Ptosis is defined as the drooping of the upper eyelid. Ptosis can be mild and be simply a cosmetic nuisance or can be severe causing disturbance of vision by blocking the visual axis. It can cause astigmatism, if the eyelid presses on the eyeball changing the corneal curvature. Often thehe condition is caused by the levator aponeurosis stretching out over time. This lifting muscle cannot properly raise the eyelids. Ptosis is common in the elderly, because the soft tissues stretch out and lose elasticity over time. It may be seen to worsen at the end of the day when the patient becomes tired.
It is also possible to be born with ptosis (congenital ptosis) where the levator aponeurosis is not formed normally in utero. If the eyelid blocks vision, it is best to treat the condition early in order to decrease the risk of amblyopia. Amblyopia is when the visual pathways in the brain are not normally developed causing blurred vision in the affected eye. Ptosis may also be caused by trauma, various neurologic issues and other more rare causes.
Treatment for ptosis can be performed as an outpatient with IV sedation for most patients. Young children need deeper sedation for ptosis repair.

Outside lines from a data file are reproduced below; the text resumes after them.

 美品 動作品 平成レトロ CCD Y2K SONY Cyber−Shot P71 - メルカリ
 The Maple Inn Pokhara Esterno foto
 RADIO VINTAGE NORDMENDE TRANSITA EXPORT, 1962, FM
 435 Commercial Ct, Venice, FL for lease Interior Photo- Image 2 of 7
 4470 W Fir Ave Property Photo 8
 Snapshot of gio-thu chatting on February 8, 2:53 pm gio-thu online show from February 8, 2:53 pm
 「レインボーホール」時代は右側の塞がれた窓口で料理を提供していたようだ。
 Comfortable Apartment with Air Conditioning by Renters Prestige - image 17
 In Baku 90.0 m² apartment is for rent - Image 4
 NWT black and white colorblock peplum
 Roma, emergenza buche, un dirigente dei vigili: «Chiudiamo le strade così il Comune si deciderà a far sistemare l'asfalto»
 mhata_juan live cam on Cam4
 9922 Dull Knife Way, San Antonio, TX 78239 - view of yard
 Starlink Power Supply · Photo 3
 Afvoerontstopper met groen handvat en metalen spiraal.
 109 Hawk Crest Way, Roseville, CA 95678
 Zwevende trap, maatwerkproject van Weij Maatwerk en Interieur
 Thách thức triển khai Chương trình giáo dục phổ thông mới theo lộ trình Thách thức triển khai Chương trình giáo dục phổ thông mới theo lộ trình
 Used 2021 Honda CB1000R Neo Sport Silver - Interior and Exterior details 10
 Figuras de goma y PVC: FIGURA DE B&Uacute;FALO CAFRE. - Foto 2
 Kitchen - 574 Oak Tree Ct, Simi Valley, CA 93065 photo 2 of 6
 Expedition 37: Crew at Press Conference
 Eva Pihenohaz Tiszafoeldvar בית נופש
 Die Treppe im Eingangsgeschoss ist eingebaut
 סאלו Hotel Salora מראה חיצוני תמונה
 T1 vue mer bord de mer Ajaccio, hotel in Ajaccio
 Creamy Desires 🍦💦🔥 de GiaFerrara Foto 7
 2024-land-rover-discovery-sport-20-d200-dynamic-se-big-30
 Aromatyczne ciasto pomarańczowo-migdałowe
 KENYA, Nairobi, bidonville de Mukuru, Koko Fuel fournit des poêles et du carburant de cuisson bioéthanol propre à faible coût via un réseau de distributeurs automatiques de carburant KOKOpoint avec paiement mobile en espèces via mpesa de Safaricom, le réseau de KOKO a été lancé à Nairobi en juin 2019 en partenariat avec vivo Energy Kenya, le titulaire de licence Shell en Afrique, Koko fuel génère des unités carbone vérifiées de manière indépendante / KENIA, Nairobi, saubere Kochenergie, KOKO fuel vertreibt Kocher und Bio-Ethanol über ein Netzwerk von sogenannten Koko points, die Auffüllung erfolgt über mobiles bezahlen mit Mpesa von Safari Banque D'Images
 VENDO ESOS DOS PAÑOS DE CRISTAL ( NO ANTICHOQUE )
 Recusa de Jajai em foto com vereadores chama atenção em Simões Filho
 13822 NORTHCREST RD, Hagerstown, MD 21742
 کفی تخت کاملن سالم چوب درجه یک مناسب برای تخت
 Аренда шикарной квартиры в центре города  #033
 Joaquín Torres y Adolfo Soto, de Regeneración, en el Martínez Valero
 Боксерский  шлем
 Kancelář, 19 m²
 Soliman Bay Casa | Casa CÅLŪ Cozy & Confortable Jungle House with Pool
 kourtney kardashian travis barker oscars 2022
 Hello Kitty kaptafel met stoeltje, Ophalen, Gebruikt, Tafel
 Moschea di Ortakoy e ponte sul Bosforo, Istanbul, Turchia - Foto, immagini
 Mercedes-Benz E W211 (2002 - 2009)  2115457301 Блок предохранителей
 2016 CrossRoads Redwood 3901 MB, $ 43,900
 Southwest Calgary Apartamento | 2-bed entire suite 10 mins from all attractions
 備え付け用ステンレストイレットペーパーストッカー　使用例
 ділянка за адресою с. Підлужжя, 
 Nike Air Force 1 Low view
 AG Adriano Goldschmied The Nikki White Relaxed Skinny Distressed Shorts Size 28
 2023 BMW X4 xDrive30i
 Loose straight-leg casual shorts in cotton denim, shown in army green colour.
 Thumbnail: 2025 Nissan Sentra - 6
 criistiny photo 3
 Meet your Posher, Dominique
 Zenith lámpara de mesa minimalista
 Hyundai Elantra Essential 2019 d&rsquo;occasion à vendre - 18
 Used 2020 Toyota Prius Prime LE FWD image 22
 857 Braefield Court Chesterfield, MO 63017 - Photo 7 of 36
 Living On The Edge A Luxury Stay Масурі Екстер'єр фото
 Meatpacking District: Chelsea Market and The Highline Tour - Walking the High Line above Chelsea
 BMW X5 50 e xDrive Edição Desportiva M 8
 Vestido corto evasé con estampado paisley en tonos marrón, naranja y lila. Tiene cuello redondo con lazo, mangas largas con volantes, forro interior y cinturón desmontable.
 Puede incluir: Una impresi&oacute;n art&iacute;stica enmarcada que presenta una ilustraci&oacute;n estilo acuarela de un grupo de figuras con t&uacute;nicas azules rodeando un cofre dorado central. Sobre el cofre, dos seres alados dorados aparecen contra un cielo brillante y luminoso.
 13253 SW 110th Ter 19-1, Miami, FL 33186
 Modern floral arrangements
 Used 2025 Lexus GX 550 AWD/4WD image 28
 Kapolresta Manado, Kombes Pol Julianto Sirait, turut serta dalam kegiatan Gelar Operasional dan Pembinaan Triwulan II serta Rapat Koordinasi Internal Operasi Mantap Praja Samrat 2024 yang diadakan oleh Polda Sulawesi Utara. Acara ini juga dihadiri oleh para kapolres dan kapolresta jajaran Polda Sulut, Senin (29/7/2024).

Blepharoplasty Upper Eyelids with Ptosis Repair
There are several ways to repair ptosis. Levator advancement is a procedure used to tuck the lifting muscle and is performed through an eyelid crease incision. A mullerectomy is a popular technique to tighten the eyelid lifting structures through an internal approach not requiring an external incision. A Fasanella-Servat is another internal lifting technique which does not require a skin incision.
Blepharoplasty Upper with Ptosis
For congenital ptosis with fair function, a levator resection may be recommended which lifts and removes part of the underperforming levator aponeurosis. Another method for repairing ptosis from congenital or neurologic causes may be to use a Frontalis sling. This involves using implanted material to allow forehead muscles to help with lifting the eyelids. A non-surgical method, is prescribing “crutch” glasses, which support the eyelid using special attachments. If the ptosis is a symptom of a disease, then diagnosing and treating the underlying condition is paramount.
In thinking about repairing ptosis, it is recommended to consult with an Oculoplastic surgeon who is experienced with these types of surgeries. He or she will determine if you are a good candidate.